When Google went public in August of 2004 one of the first things I did with my employee grants was sell enough to pay off my student loans. In retrospect I lost a lot of future gains by cashing out too early but what I gained was more important: peace of mind in removing the only debt I’d ever carried. Did I work any less hard the next day because of my liquidity event? Nope. The vast majority of my future savings was (a) not vested yet and (b) tied to hope for future stock grants I’d earn. Being out of debt, having a little cushion, actually allowed me to just put my head down and work, not worrying about my month-to-month bank account balance.
It’s for reasons like these that I support getting startup founders some liquidity during their company’s first few years, perhaps as early as Series A financing when appropriate. At Homebrew we’ve backed many first time founders, many of whom have struck out on their own and are putting lots at risk. They’re hungry – not just for financial success but to build a company they can be proud of for years to come. Pre-seed round they’ve done things like share the same room in a two-bedroom apartment in order to airbnb the other room. Or put startup expenses on their credit cards, far beyond their savings, hoping they can close financing for the company by end of the month.

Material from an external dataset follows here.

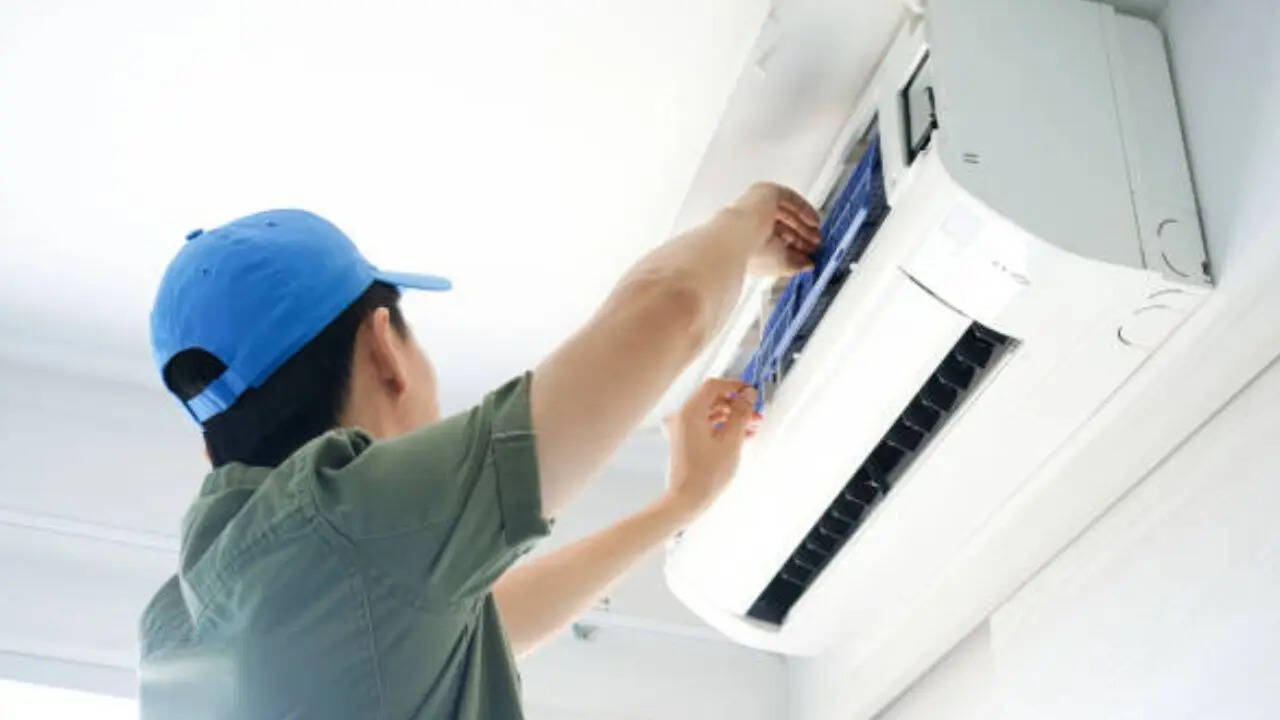 strongDaikin 1 Ton Split AC 3 Starstrong को फ्लिपकार्ट पर 48200 रुपये की कीमत में लिस्ट किया गया है। बिग बिलियन डेज सेल शुरू होने से पहले ग्राहकों को इस पर कंपनी 30 का डिस्काउंट दे रही है। इस ऑफर के साथ आप इसे सिर्फ 33490 रुपये में खरीदकर घर ले जा सकते हैं। यह एक इनवर्टर स्प्लिट एसी है।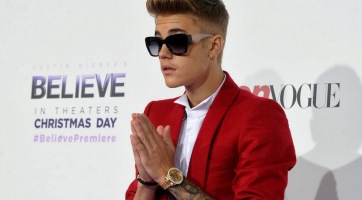 Justin Bieber Hailey Baldwinnel randizott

So what should happen when these founders get past a few important milestones in their company and are able to raise healthy financing rounds at meaningful multiples? They should get a chance to sell small amounts of stock and put some money in the bank ($50k, $100k, $200k). Feel ok about going out to dinner every once in a while – maybe even take their significant other for a weekend to Napa as thanks for putting up with the long hours and uncertainty. Clear our some student debt. Get an apartment of their own in an expensive city like San Francisco.
Is there a formula for this? ie Raise $X million at Y valuation and sell up to Z%? Of course not, it’s situational and a discussion between founders and their investors. It’s a personal decision – to sell stock that you hope will be worth much more later on – but one which should be given to founders. Done properly I don’t believe it will disincentivize or send wrong signals to employees or future investors. As seed venture capitalists, we want founders to ‘go the distance’ and continue building value. It’s not clear to me that “all or nothing” is the right path forward or even that waiting until growth capital rounds makes sense. Yes, at early stages you want to maximize investment going into company operations and not private pockets but that’s why these conversations should happen openly and with structure (for example, series FF which requires Board approval to liquidate in a financing).
I conjecture there’s a secondary benefit to managed liquidity for founders: it may help diversify founder populations. The opportunity cost of a startup in forfeited salary and in-the-money equity at larger tech companies can be considerable. If you don’t have family money or a nest egg from previous wins, let’s balance that risk with some short-term opportunities. It’s not about giving founders a wild lifestyle or encouraging them to increase their personal burn (Sam Altman has a great tweet about this and I’ve written the same).
If you’ve entrusted a young founder with millions of your LP’s money, you can probably trust them to make the right choices if you offer the ability to pull $100k out of a company that was just valued $50 million.
The secondary point about how lowering risk for founders may increase the diversity of founders would be a great stand alone blog post. But what would the diversity look like, and why would this increase it? What are the factors limiting diversity now for these groups?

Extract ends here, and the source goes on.